### WORK TO BE COMPLETED
Output the records below in full, word for word; pictures do not belong in it.

### DATA RECORDS
------------------------------------------------
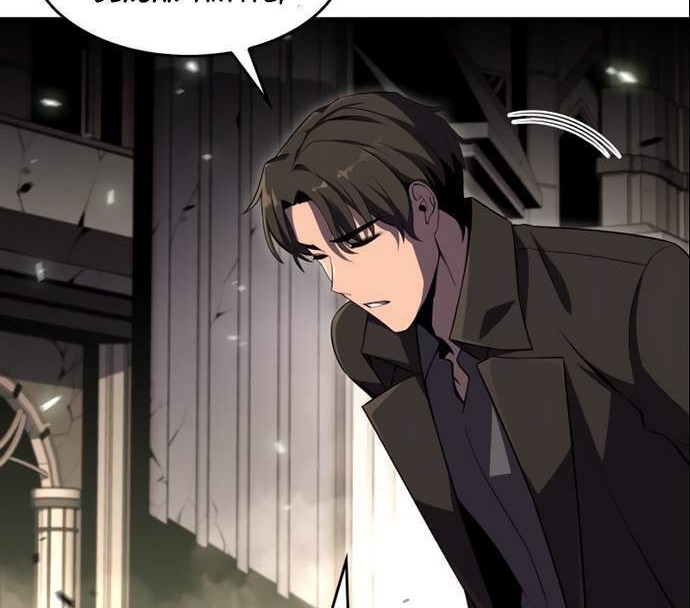 Solo Max-Level Newbie Chapter 21 - halaman 45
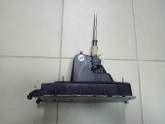 510711049B VW GOLF 7 VITES MEKANIZMASI ORJINAL SIFIR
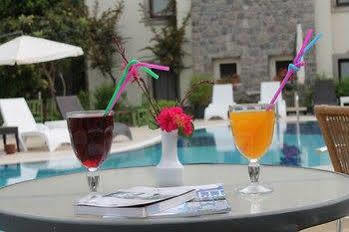 By Pablo 3* Bodrum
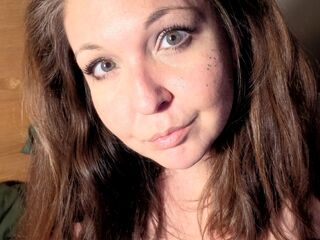 hot cam girl masturbating with sextoy KristyJinx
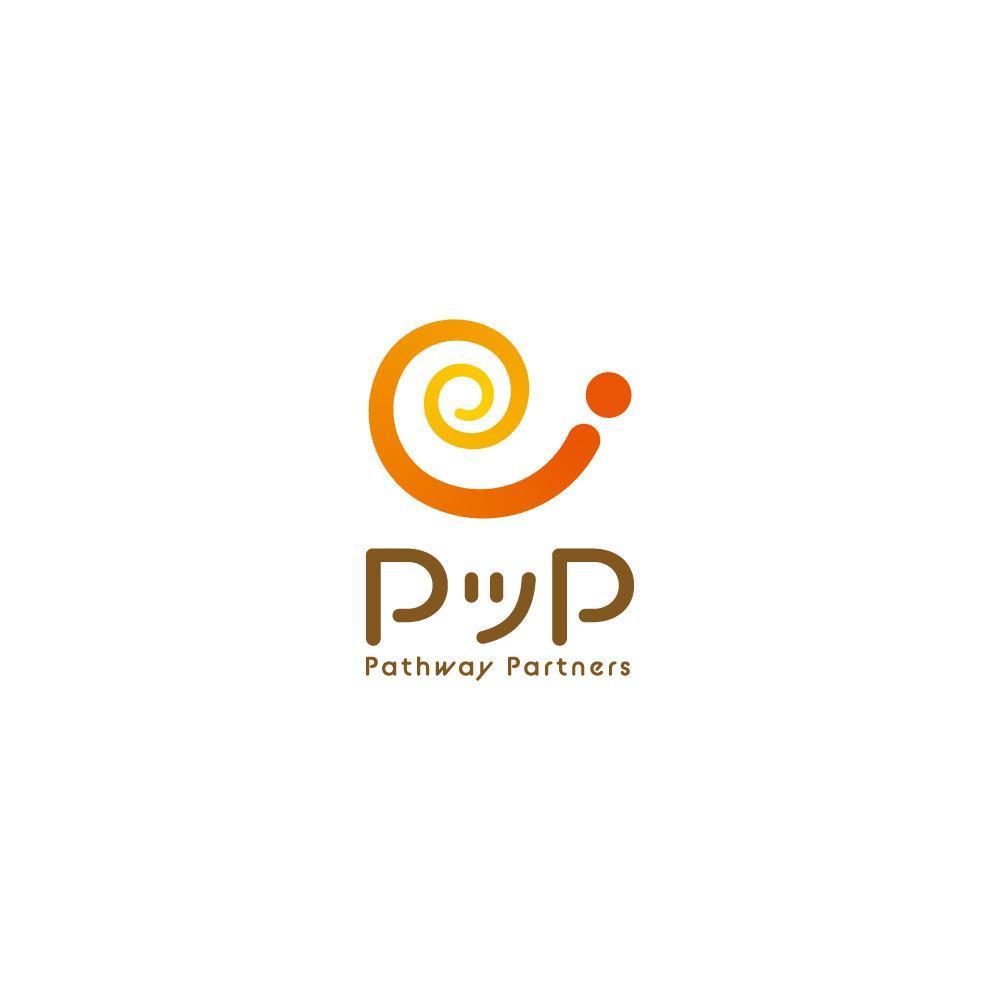 PッP_2-03.jpg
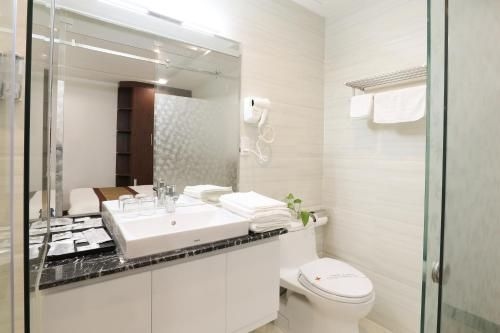 Prague Hotel1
------------------------------------------------
### YOUR RESPONSE
 Solo Max-Level Newbie Chapter 21 - halaman 45
 510711049B VW GOLF 7 VITES MEKANIZMASI ORJINAL SIFIR
 By Pablo 3* Bodrum
 hot cam girl masturbating with sextoy KristyJinx
 PッP_2-03.jpg
 Prague Hotel1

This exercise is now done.